I believe this design removes much of the the name-dependent problems with using Notary in disconnected environments, without losing the Notary-provided image identity guarantees. (All of this is orthogonal to the Notary freshness guarantees; those have to be compromised to some extent in disconnected scenarios.)

[mtrmac]

In today’s call it’s been pointed out that the $product:$version information does not have to be a part of the signature, it can be inside the signed artifact (e.g. as a manifest or image config annotation, if something like that is supported by the artifact).
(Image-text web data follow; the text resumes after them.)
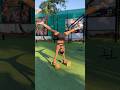 Flows 🤸‍♀️ #ElysiumCaliPark #Calisthenics #CalisthenicsGirls #Handstand #StreetWorkout #Fitness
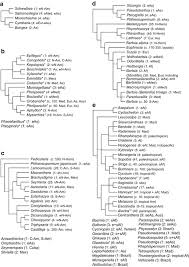 Image result for Harveya alectroides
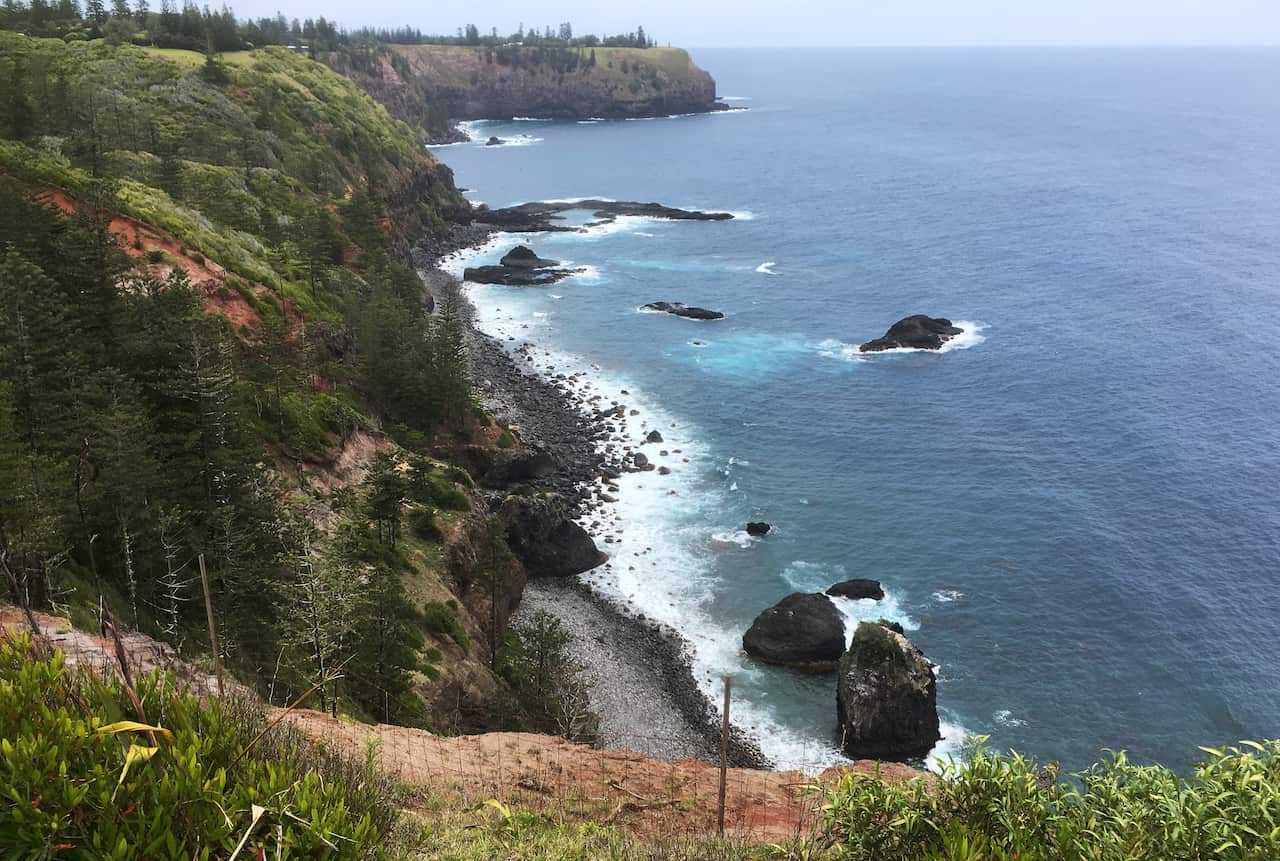 At the edge of the cliff on Norfolk Island, there are tall pine trees, rocks and turquoise-blue water.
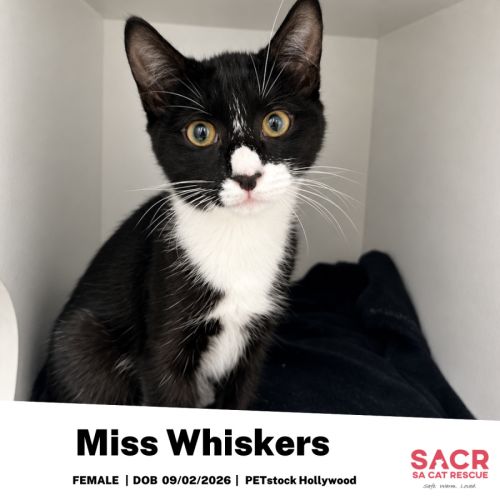 Miss Whiskers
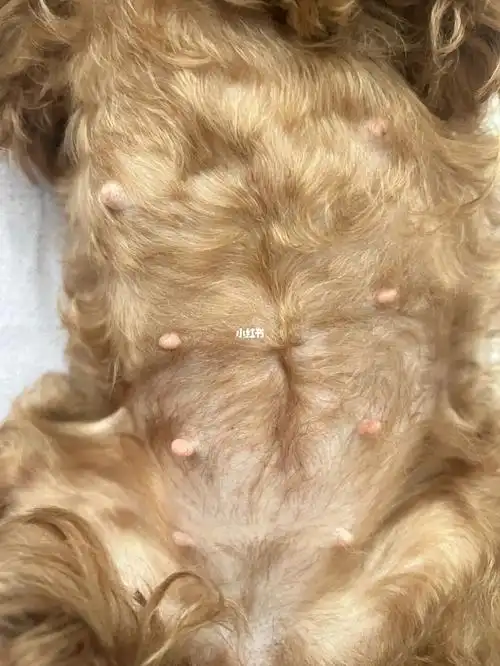 泰迪怀孕第37天啦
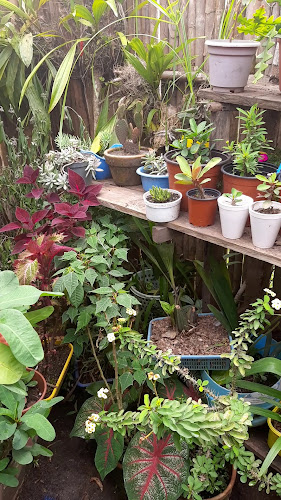 Florería y Jardinería De Clari - Centro de jardinería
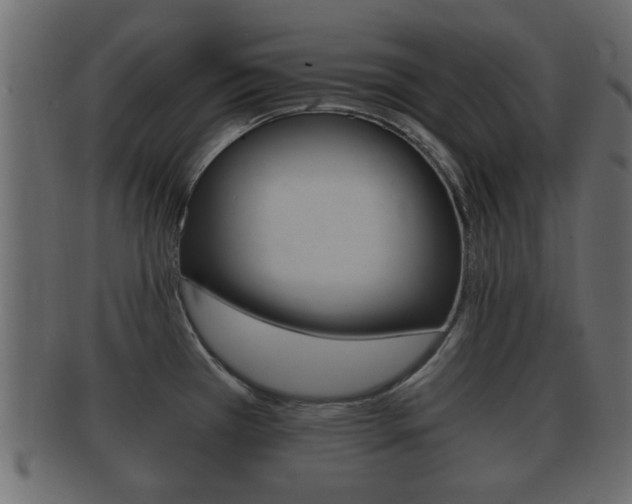 X0000092311385200709141022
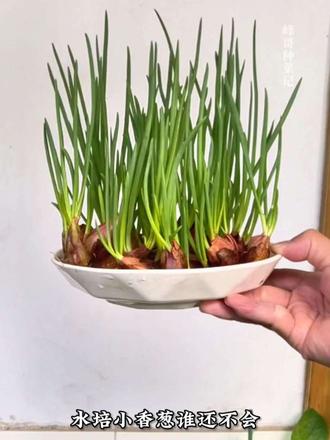 水培土培小香葱种植方法都很简单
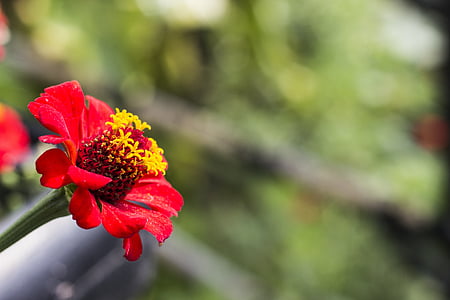 Zinnie, Blume, rot, Flor, Blütenblätter, Natur, Grüner Hintergrund
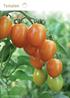 Tomaten. Sansibar, F 1. 74 TOMATEN Solanum lycopersicum L.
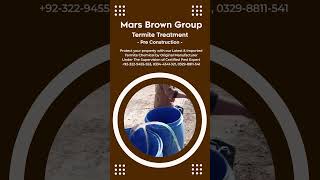 Mars Brown | Mars Brown Group | Mars Brown Group Pakistan | How to get rid of termite at home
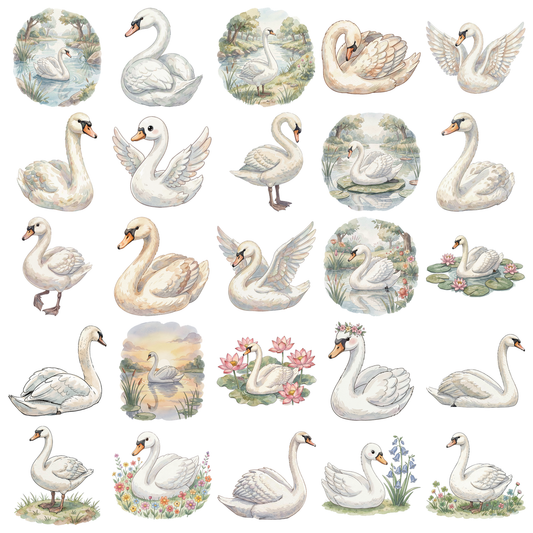 schwan-titelbild.png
That’s true, and mostly works well enough; one downside to this is the $version information is invisible to the signature software, so e.g. it seems hard in disconnected scenarios (where images can be mirrored independently of other images from the same server, taking their signatures “with them”) to maintain a $product:branch-v1 repository where the :branch-v1 tag is updated from time to time with v1.x.y updates, but signatures enforce (the way Notary v1 freshness guarantees do) that the client receives the latest image released for that tag.

[mtrmac]

… and of course, if the $product:$version information is not a part of the signature spec, we risk losing interoperability between artifact consumers; each implementation can define its own annotations and enforcement semantics.

[github-actions]

This issue is stale because it has been open 60 days with no activity. Remove stale label or comment or this will be closed in 30 days.